For a self-sustaining base on Mars (or elsewhere)... I've read and been told that growing enough plants to eat would produce too much oxygen, but there are many in-depth designs for self-sustaining outposts, and similar things have been achieved here on Earth with Biosphere 2. So, how does one grow enough food to survive on without generating far too much oxygen?
This question is based on something of a misunderstanding: the study which made excess oxygen a problem was not about a self sustaining mars colony but rather an initial stay relying mainly on stuff brought from Earth. When plants perform photosynthesis they consume CO2 (exhaled by the astronauts and/or from the martian atmosphere) and release O2, which would build up inside the habitat until reaching dangerous levels.

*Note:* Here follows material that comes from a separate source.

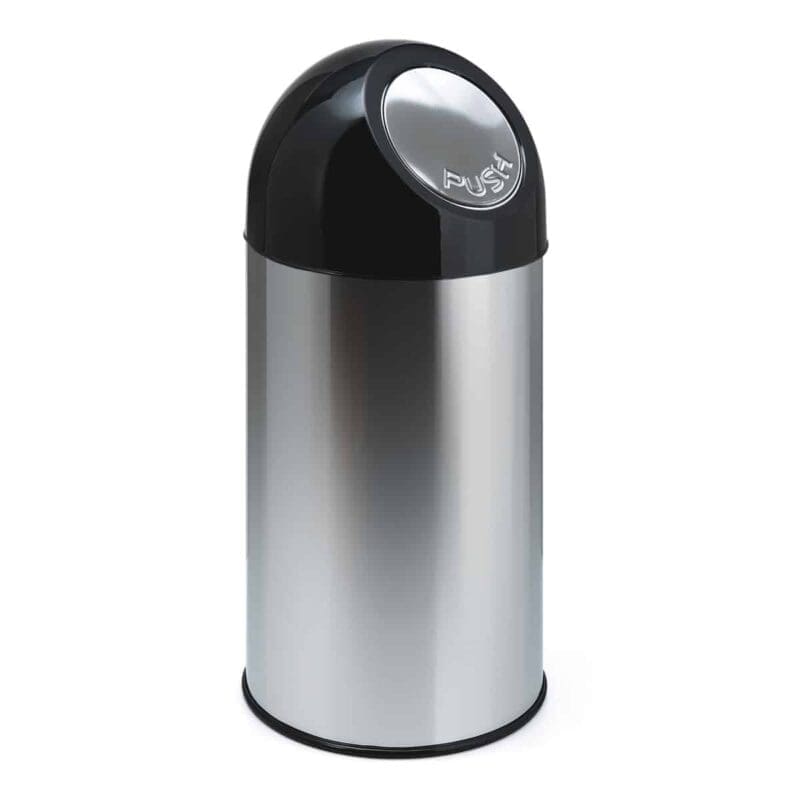 Afvalbak met pushdeksel 40 liter RVS, zwart - VB 480001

The problem wasn't too much oxygen per-se, but rather that nitrogen would be vented at the same time as the excess oxygen - resulting in the very limited nitrogen reserves running out - since nitrogen is only a small fraction of the Martian atmosphere it is difficult to build up large reserves of it without heavy machinery, and in the study the proposed base could neither prevent nor accommodate the nitrogen losses due to venting excess oxygen.
A well-designed long term colony would either have a way to isolate and eliminate just oxygen, or alternatively have a plentiful source of nitrogen. Either way internal atmospheric pressure and N2/O2 balance could be maintained safely.